Accueil > A Lire > Divers > L’Anti-terrorisme est une méthode de gouvernement...Le nouvel horizon commun (...)

L’Anti-terrorisme est une méthode de gouvernement...Le nouvel horizon commun de toutes les démocraties occidentales

En provenance de Tarnac, ce texte publié dans Le Monde annonce le fond du débat pour un colloque et pour la manif’ du 31 janvier.

samedi 17 janvier 2009

"L’antiterrorisme est une méthode de gouvernement, et doit être compris comme tel. Le flou caractéristique des lois antiterroristes n’est pas le fruit d’une négligence. C’est leur façon propre d’être opérationnelles. La loi, avec ses distinctions tranchées et tranchantes, est partiellement quelque chose de dépassé du point de vue pragmatique des techniques de pouvoir. Elle n’a pas la souplesse de ces outils qui gèrent la crise permanente, la ramenant toujours à un ensemble de variables interdépendantes qu’il s’agit de corriger. Elle n’a pas non plus la rapidité et l’efficacité d’une campagne de guerre-éclair.
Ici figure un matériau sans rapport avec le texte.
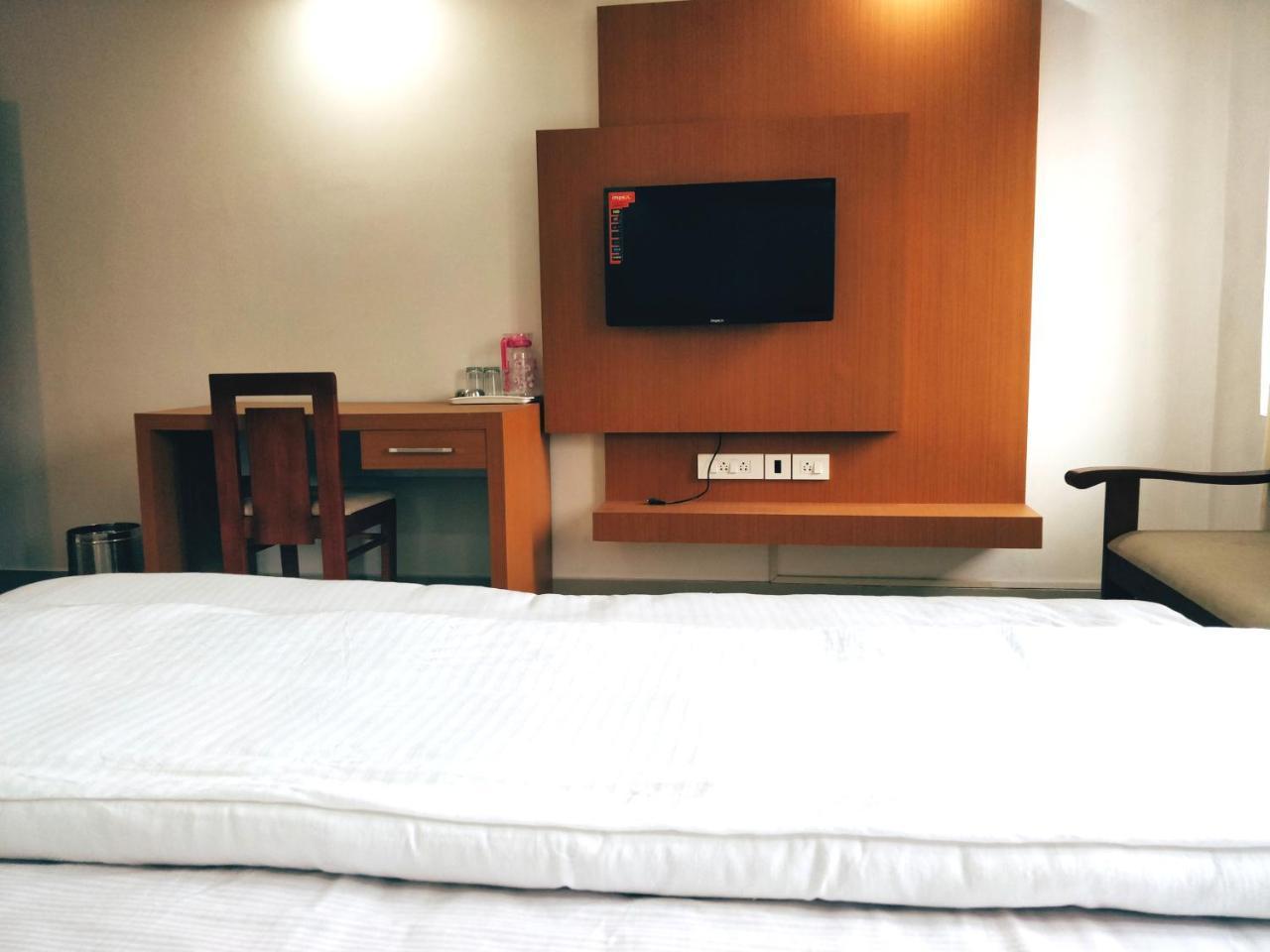 Prajapuri Hotel Thrissur Экстерьер фото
Pour que la loi puisse devenir un outil ou une arme de ce type, il faut qu’elle offre elle-même la souplesse de la norme. La loi, classiquement, produit des distinctions nettes. Elle détermine l’illicite et le licite. La norme opère sur des continuités. Le dispositif antiterroriste appartient au monde historique de la norme, non de la loi. Dans le monde polarisé par l’antiterrorisme, il n’y a pas d’un côté des non-terroristes et de l’autre des terroristes. Il y a d’une part une normalisation continue de la population, conçue comme un vaste champ de probabilités ou de risques à maîtriser globalement ; et d’autre part, ponctuellement, des formes d’existence qui apparaissent comme des trous dans la trame continue de la population. Celles-là sont désignées comme terroristes et vouées à l’anéantissement.

La guerre au terrorisme apparaît aujourd’hui comme l’horizon commun de toutes les démocraties occidentales. C’est pour cela qu’en dénoncer les "glissements" ou les "dérapages" n’est jamais suffisant - c’est une position qui demeure en dessous de la situation. Cet horizon et la realpolitik particulière qui l’accompagne sont généralement non questionnés. Parce que tout le monde semble s’accorder en principe sur le risque qu’il s’agirait d’endiguer - et que cette évidence factice d’un ennemi absolu suffit à "justifier les moyens" au point de les rendre inquestionnables. L’affaire de Tarnac a été l’une des rares occasions où ce type d’intervention a fait l’objet d’un questionnement public. Il faut bien sûr qu’Yldune et Julien soient libérés ; que les chefs d’inculpations soient levés. Il faut bien sûr également qu’Isa, Juan et Damien - qui sont emprisonnés sous le coup des mêmes accusations de "terrorisme" - soient libérés. Mais il importe aussi que ce questionnement sur ce qui n’est jamais questionné ait pleinement lieu, c’est-à-dire durablement, et selon les termes qui lui conviennent. Il ne faut pas que se referme la brèche qui s’est timidement ouverte dans l’évidence de cette "guerre au terrorisme" dont un président américain nous a prévenus qu’elle serait sans fin."